EXERCISE DETAILS :: The data must be returned exactly. No line may be left out.

AVAILABLE DATA ::

⟨

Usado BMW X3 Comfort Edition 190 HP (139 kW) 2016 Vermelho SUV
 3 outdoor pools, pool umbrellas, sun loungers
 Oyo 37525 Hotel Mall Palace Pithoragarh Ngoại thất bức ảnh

⟩

ANSWER TO THE PROBLEM ::
Usado BMW X3 Comfort Edition 190 HP (139 kW) 2016 Vermelho SUV
 3 outdoor pools, pool umbrellas, sun loungers
 Oyo 37525 Hotel Mall Palace Pithoragarh Ngoại thất bức ảnh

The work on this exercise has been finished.